U.S. EPA Contaminated Site Cleanup Information (CLU-IN)

U.S. Environmental Protection Agency
U.S. EPA Technology Innovation and Field Services Division

Fractured Bedrock Project Profiles

Last Updated: January 1, 2011

Point of Contact:
Tim Gallagher
USEPA 1650 Arch Street
Mail Code: 3HS21
Philadelphia PA 19103-2029 
Tel: 215-814-3196 
Email: gallagher.tim@

Henderson Road
Upper Merion, PA


The Site subsurface is comprised of a
Karst limestone geologic formation and regional ground water flow is generally toward the Philadelphia Suburban Water Company Upper Merion Reservoir(UMR), which is north of the Site.

Targeted Environmental Media:
  • - Fractured Bedrock


The vertical extent of the plume is at least to 400 feet bgs.

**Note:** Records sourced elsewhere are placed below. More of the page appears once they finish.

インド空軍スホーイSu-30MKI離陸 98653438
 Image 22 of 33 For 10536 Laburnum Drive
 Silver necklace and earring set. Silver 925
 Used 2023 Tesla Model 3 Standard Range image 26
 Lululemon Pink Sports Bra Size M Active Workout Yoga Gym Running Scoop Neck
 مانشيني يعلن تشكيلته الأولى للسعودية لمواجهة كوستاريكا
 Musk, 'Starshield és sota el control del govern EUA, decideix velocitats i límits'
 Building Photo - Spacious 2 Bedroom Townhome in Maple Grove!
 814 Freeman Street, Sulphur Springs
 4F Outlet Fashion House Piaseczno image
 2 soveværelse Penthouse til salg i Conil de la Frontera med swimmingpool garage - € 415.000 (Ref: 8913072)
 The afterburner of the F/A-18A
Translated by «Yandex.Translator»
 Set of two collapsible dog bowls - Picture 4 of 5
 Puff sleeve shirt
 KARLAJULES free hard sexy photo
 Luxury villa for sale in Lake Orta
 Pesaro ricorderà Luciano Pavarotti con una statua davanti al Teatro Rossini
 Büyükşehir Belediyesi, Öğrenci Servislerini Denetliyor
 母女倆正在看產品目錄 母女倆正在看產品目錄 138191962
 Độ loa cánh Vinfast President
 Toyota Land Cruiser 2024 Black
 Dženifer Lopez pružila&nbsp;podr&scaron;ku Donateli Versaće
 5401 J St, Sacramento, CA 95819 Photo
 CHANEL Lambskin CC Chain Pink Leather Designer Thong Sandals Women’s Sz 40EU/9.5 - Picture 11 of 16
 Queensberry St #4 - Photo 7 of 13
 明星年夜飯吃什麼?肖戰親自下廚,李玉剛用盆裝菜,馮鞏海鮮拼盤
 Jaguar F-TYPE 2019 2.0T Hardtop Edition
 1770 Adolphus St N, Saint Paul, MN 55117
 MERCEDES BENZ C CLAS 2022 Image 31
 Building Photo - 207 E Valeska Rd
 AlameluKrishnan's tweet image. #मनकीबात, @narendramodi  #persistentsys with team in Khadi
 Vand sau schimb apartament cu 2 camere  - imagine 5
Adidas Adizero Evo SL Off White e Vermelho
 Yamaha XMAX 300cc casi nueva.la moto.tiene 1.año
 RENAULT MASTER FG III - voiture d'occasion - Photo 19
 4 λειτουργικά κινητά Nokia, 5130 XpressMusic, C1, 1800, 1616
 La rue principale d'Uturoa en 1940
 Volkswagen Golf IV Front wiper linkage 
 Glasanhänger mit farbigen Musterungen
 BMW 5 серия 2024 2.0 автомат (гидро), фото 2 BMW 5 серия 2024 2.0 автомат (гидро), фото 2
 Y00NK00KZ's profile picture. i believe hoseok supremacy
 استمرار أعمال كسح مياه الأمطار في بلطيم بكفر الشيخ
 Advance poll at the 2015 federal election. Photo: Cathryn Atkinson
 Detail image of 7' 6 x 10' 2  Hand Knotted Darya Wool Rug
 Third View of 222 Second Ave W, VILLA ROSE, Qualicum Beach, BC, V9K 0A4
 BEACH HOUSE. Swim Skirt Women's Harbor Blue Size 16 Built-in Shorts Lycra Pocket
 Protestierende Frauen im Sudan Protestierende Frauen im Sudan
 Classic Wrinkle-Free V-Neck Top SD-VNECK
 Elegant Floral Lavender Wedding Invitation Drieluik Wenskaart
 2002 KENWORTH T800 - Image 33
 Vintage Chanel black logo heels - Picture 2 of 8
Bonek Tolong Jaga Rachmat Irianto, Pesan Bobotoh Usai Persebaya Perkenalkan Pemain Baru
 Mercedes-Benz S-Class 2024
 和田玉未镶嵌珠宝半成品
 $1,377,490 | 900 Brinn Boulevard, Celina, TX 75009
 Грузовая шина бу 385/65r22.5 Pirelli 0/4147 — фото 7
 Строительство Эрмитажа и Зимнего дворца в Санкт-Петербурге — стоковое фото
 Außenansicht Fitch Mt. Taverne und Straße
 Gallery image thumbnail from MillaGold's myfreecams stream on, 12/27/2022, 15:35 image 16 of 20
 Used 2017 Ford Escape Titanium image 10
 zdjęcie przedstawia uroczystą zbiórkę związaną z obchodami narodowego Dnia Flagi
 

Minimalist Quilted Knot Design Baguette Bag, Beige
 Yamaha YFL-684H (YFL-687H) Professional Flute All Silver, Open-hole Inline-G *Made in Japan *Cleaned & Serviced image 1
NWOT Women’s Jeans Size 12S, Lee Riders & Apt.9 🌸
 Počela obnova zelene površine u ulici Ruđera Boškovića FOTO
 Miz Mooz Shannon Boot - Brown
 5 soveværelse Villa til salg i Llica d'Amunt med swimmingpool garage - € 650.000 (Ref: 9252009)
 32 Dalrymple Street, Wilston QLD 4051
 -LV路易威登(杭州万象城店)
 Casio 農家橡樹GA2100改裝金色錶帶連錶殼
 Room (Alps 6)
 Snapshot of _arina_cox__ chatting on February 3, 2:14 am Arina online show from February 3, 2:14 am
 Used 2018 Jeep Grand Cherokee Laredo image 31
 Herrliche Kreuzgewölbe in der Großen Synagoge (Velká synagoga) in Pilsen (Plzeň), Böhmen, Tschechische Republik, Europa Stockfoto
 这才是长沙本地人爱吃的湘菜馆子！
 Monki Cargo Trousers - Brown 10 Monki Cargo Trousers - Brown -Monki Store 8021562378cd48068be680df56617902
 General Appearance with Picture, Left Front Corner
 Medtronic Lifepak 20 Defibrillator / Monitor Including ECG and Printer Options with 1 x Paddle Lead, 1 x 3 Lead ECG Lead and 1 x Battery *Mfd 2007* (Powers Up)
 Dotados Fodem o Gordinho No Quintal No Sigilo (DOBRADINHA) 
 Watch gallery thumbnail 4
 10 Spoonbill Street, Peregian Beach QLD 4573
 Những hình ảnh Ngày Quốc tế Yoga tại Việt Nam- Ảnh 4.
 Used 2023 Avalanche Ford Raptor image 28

The lateral plume is a different shape for each flow zone. See 2008 five year review.

Major Contaminants and Maximum Concentrations:
  • - Benzene (152 µg/L)
  • - Chloroform (30 µg/L)
  • - Ethylbenzene (53 µg/L)
  • - Tetrachloroethene (35 µg/L)
  • - Toluene (844 µg/L)
  • - Trichloroethene (14 µg/L)
  • - Trichlorofluoromethane (368 µg/L)

Site Characterization Technologies:

No technologies selected.

Remedial Technologies:

  • - Pump and Treat
In September 1991, the ground water treatment plant was constructed and began operation. The treatment plant utilizes bioremediation to reduce organic contaminant levels and carbon adsorption to remove any residual contaminants before discharge to an adjacent intermittent stream. A total of
seven ground water recovery wells pump contaminated ground water to the treatment plant. The pumping rate is 50 to 60 gpm total.

The system has been shut down for short periods to evaluate rebound.
Remediation Goals:

Cleanup criteria are based on the most conservative value from the following standards: MCLs, MCLGs, aquatic water quality criteria, drinking water equivalent levels, Suggested No Adverse Effect levels, Risk Assessment models, Superfund Public Health Evaluation Manual (SPHEM), and EPA accepted values where no other criteria exists (MCLs, where available, were used).


Since inception, over 280 million gallons of groundwater have been treated and approximately 2,500 pounds of contaminants have been removed. As of May 2010 EPA was evaluating a PRP proposal and the system was not operating.